Again, this whole 30-year mortgage concept is not something cast in stone and handed down from Moses, but rather a modern invention, and like a lot of modern inventions (such as credit cards) we are only just now seeing what the down sides are.
To be sure, one reason so many people signed up for this deal was the dangling carrot of tax deductions. We all felt we could lower our taxes if we borrowed money to buy a home. But for the most part, the savings in taxes are dwarfed by the additional cost of interest. You cannot deduct your way to wealth, period.
Does this mean you should never get a mortgage? Don't be stupid. For most folks, it is the only way they will be able to afford a house. And at today's interest rates, money is cheap, if you can qualify for the loan.
But again, you need to stay in a house for five years just to break even. If you are not planning on "settling down" for at least a decade, home ownership could be a wash. It might be smarter to buy a smaller house, learn to live with less, and get a 15-year mortgage and end up owning your home outright. Better to own a smaller home outright than to have paid interest for 15 years and hardly made a dent in the mini-mansion (and then lose it to foreclosure).
Not only that, but if you outgrow that house, you may be able to rent it out and have a cash-cow investment working for you, instead of a ball-and-chain around your neck. I dunno, it worked for me - I made a ton of money renting out positive-cash-flow Real Estate (as opposed to negative-cash-flow speculation!).

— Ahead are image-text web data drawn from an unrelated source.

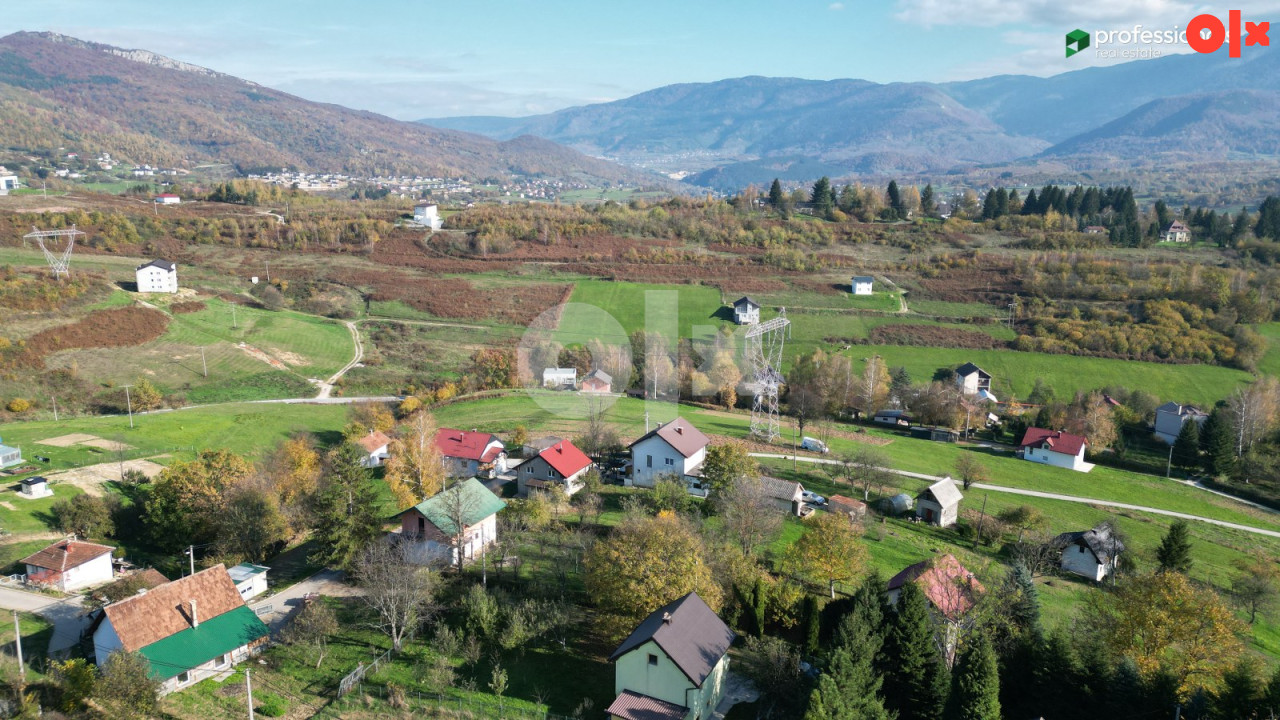 Kuća Osenik Hadžići 25
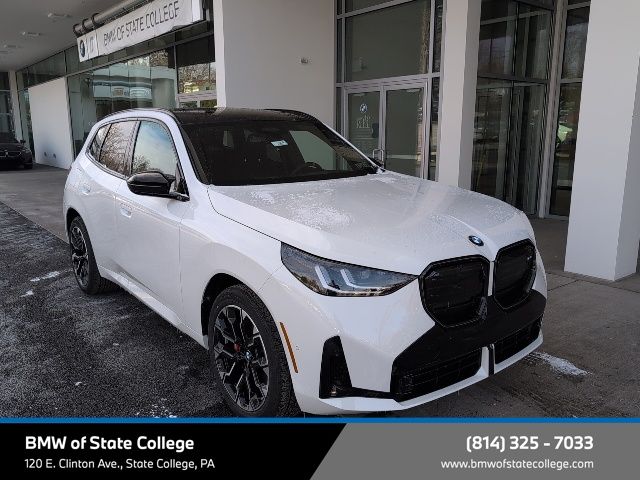 2026 BMW X3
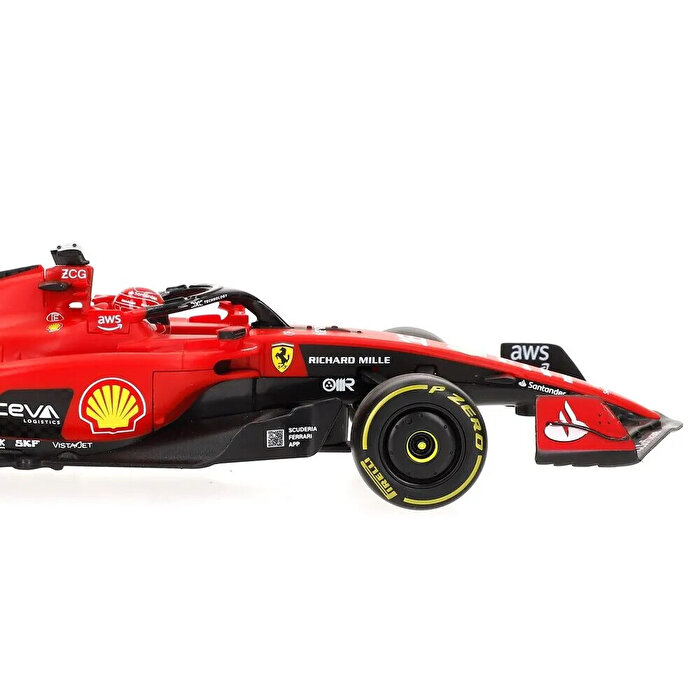 Maisto 1:24 F1 Ferrari Formula RC Elektrikli Yarış Arabası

I think the thing to bear in mind is that a mortgage is debt and not like a rent payment. The goal should be to build equity over time, not merely add to the debt pile. And stressing yourself financially, in order to be able to have fancy stuff, makes no sense at all. When the shit hits the fan, you want to be able to survive the downturn. Buy a less house than you can afford and only as much house as you need. And avoid the temptation to throw money at a house in "improvements" and crap - they don't add much value to it - if any.
Taking on debt for a fancier place to live makes little sense. On the other hand, that debt load could be put to good use on an investment property - and by that I don't mean a buy-and-flip house, but something that can be bought and rented out for more than you pay, each month. And in the coming years, some bargains may appear on the horizon like this. And when that happens, you want to be the guy who has cash-in-hand, or at least the ability to borrow.
And if that isn't your bag, well, use that money you would have spent on mortgage payments and granite counter-tops to fund your 401(k) and save for the future. Accumulating wealth means not accumulating more and more debt.
When you sign the papers on a 30-year note and you think to yourself, "Gee, this seems like an onerous obligation!" you are not being "weird" but in fact, rational. Many folks jump from house to house - going bigger and fancier as they make more money, convinced they can now "afford" a fancier house. All they are doing is increasing their debt-load and decreasing their net worth - while at the same time, locking themselves into some high cash-flow requirements.
That is a choice, not an obligation.